Instructions to follow: Look for the line with "Appartement Baradic Petrčane" in the entries below, then extract that line and all lines after it exactly, with pictures left out.

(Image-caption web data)
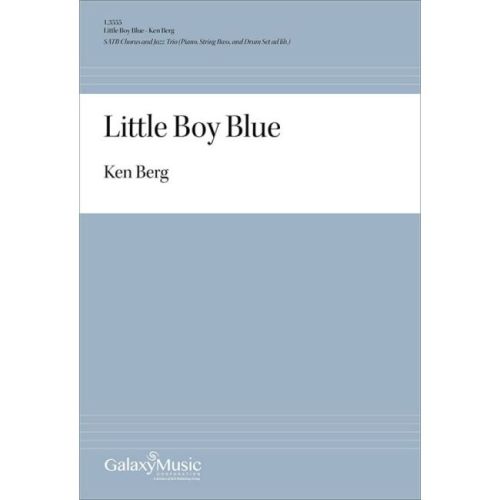 Berg, Ken - Little Boy Blue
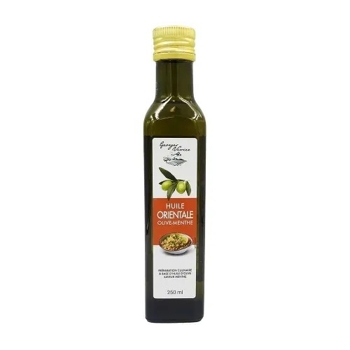 Georges Vivier Extra panenský olivový olej s mätou, Francúzsko, 250ml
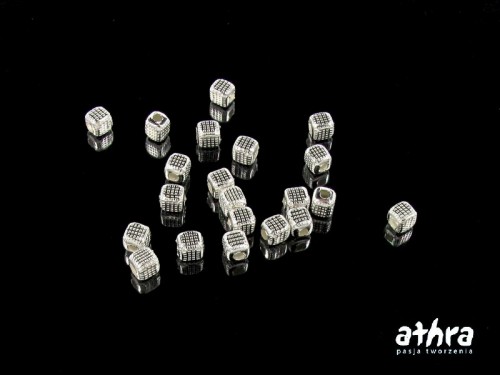 www_athra_pl_CBRSK2RG kostka srebrna 2,5 mm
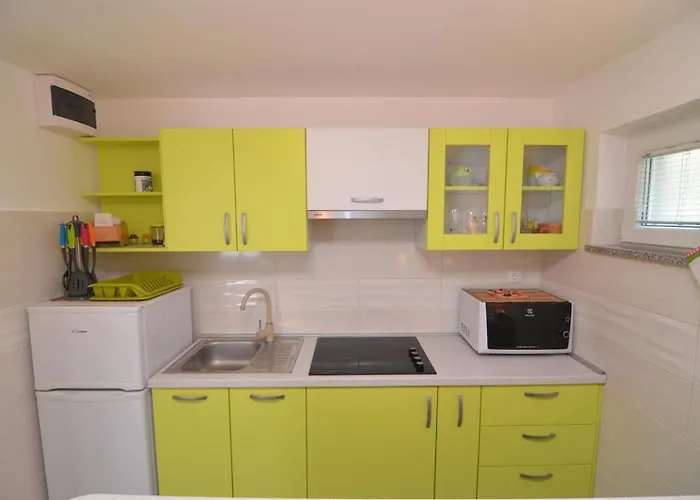Appartement Baradic Petrčane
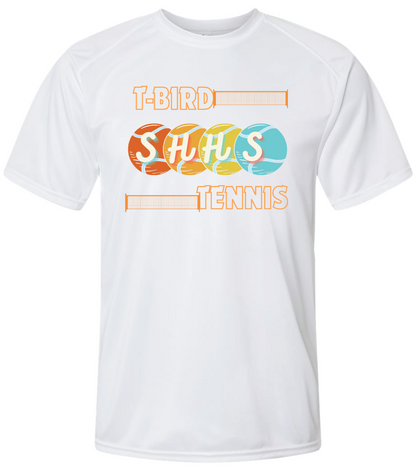 Shawnee Heights Tennis Paragon Performance T-shirt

Response below:
Appartement Baradic Petrčane
 Shawnee Heights Tennis Paragon Performance T-shirt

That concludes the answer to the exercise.